Tahun 1959, Presiden Soekarno
menetapkan 22 Desember sebagai Hari Ibu melalui Dekrit Presiden Nomor 316
Tahun 1959. Tanggal 22 Desember dipilih untuk mengenang diselenggarakannya
Konggres Perempuan pertama, 31 tahun sebelumnya, yakni tahun 1928 di gedung
yang kemudian dikenal sebagai Mandalabhakti Wanitatama di Jalan Adi
Sucipto, Yogyakarta.
Peristiwa itu dianggap sebagai salah
satu tonggak penting sejarah perjuangan kaum perempuan Indonesia.
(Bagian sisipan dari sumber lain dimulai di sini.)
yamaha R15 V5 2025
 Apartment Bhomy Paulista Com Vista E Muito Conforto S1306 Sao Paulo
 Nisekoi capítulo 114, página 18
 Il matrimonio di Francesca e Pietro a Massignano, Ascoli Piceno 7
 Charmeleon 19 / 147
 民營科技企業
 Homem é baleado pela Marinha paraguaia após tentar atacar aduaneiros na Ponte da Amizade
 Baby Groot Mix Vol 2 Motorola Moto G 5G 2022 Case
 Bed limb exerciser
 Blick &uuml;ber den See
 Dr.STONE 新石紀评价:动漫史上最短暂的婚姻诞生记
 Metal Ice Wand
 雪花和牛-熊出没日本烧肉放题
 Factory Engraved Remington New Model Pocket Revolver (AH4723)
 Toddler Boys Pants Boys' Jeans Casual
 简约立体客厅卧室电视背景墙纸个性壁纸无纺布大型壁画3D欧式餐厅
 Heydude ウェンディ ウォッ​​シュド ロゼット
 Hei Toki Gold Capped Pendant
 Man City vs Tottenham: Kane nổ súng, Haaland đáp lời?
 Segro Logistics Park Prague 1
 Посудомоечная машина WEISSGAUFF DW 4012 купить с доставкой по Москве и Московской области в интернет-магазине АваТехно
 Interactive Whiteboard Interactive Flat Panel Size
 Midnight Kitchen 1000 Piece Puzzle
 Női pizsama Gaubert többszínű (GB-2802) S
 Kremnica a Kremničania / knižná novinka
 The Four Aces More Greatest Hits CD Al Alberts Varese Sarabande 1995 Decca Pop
Pada
tanggal keramat tersebut para pemimpin organisasi perempuan dari berbagai
wilayah se-Nusantara berkumpul menyatukan pikiran dan semangat untuk
berjuang menuju kemerdekaan dan perbaikan nasib kaum perempuan.
Berbagai
isu itu dipikirkan untuk digarap adalah persatuan perempuan Nusantara;
pelibatan perempuan dalam berbagai aspek pembangunan bangsa; perdagangan
anak-anak dan kaum perempuan; perbaikan gizi dan kesehatan bagi ibu dan
balita; pernikahan usia dini bagi perempuan dan sebagainya.
Tanpa diwarnai gembar-gembor
kesataraan jender, para pejuang perempuan itu melakukan pemikiran kritis
dan aneka upaya yang amat penting bagi kemajuan bangsa.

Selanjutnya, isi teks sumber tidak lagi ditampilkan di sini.